Tag Archives: Paschal lamb

17 April 2022: Easter Sunday: Mass of Easter day A/B/C

Reading 1ResponseReading 2Gospel
 Acts 10:34a, 37-43 Ps 118:1-2, 16-17, 22-23 Col 3:1-4 or
1 Cor 5:6b-8
 Jn 20:1-9
   RCL C: 1 Cor 15: 19-26 RCL C: Jn 20:1-18

Lectionary note
The Lectionary presents two different sets of readings for Easter: the Easter Vigil mass, and the mass of Easter day. This reflection follows the readings for the Easter day mass.

Easter Sunday: the beginnings of faith

Easter Sunday begins the fifty-day Easter season, celebrating the resurrection of Jesus. Jesus’ resurrection is a reason for joy and hope, because it foreshadows the future resurrections of all who believe. Today’s readings invite us to explore the resurrection’s certainties and our own confused, evolving faith.

First reading (Acts 10:34a, 37-43)

Throughout the Easter season, the first reading is a semi-continuous reading from Luke’s Acts of the Apostles. In today’s pericope, Peter, preaching the good news to the gentile Cornelius and his household, sums up Luke’s gospel story: Jesus’ baptism by John; Jesus’ ministering and healing from Galilee to Jerusalem; Jesus’ overturning the devil’s counter-kingdom; Jesus’ rejection by those in Jerusalem; Jesus’ dying and rising; and Jesus’ appearing to select witnesses, usually at meals, and preaching forgiveness of sins. Peter’s statements about Jesus as “judge of the living and dead” and “everyone believing in him receives forgiveness of sins through his name” are especially significant, summarizing the statement that Jesus “is Lord of all.” The Lectionary editors chose this reading because it contains one of the earliest kerygma (basic messages) preached to gentiles.

Second reading (Col 3:1-4 or 1 Cor 5:6b-8)

The Lectionary offers a choice of second readings:

  • An unknown author writing in Paul’s name completed the letter to the Colossae ekklesia around 80 AD. In today’s pericope, the author connects the Colossians’ baptism with their coming glorification.
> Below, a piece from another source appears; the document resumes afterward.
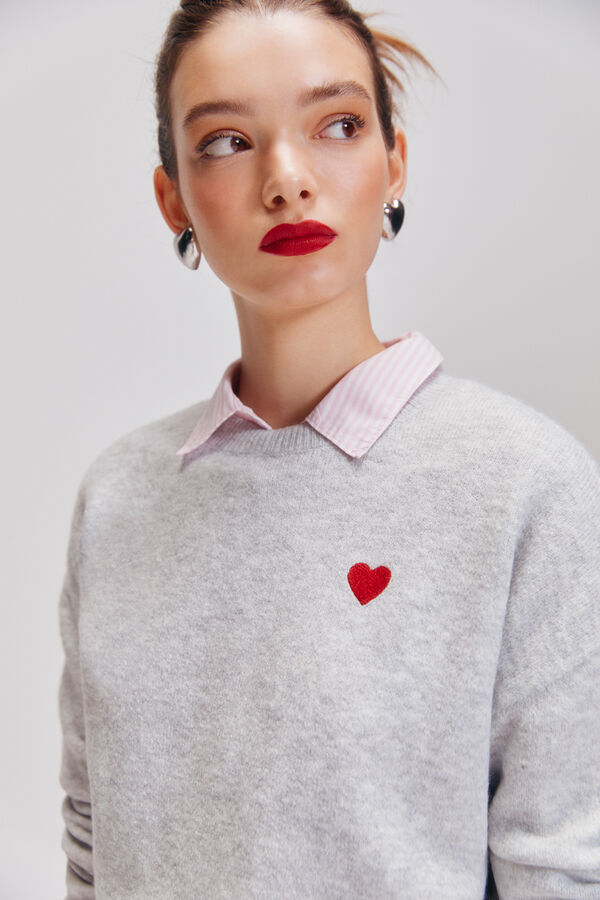 Springfield Suéter bordado com coração cinzento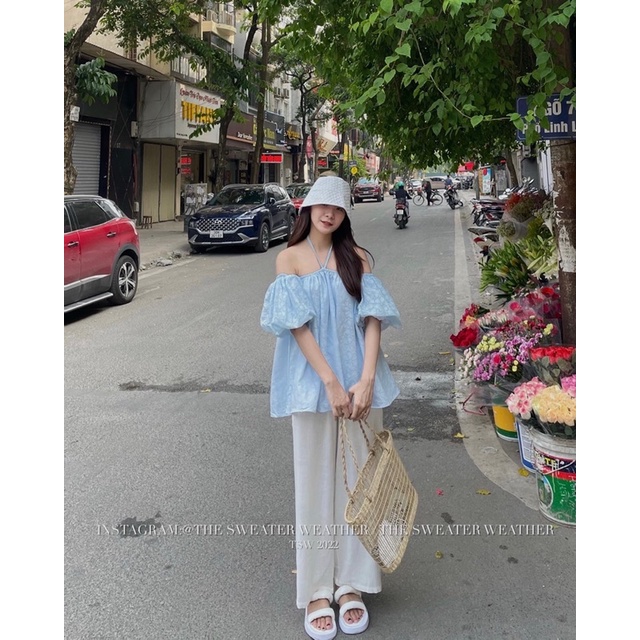 Áo trễ vai hoa nổi tay phồng mặc 2 kiểu the.sweaterweather TSW (Ảnh thật) | BigBuy360 - bigbuy360.vn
In baptism, believers “died” and “were raised with Christ.” Christ is now enthroned in glory (“seated at God’s right hand”); believers should live ethical lives now as they await their own future glorification (“what is above”), rather than engaging in this world’s passing concerns (“what is below”). For now, believers’ future hopes “are hidden,” but when Christ returns in glory, believers will enter true, glorified lives promised at baptism. The Lectionary editors chose this reading because of its baptismal and personal resurrection themes.
  • Paul sent his first letter to the Corinth ekklesia from Ephesus in 56-57 AD. Paul urges the Corinthians toward unity and to correct their wrong behaviors. In today’s pericope Paul uses a well-known proverb (“a little yeast leavens the whole loaf”) to teach that each ekklesia member’s behavior affects the entire community. This is the time for spiritual house-cleaning: “clearing out” old habits and behaviors that do not align with Christian living. Jesus, the “paschal lamb,” himself makes the community holy and calls each member to be holy (“the unleavened bread of sincerity and truth”). The Lectionary editors chose this reading because Paul reinterprets the Passover feast with a Christian meaning: this is the earliest Easter homily in Christian scripture.

Gospel (Jn 20:1-9)

John’s Easter story describes the disciples’ confusion and ambiguity when they encounter the resurrection’s facts: the empty tomb and discarded grave clothes.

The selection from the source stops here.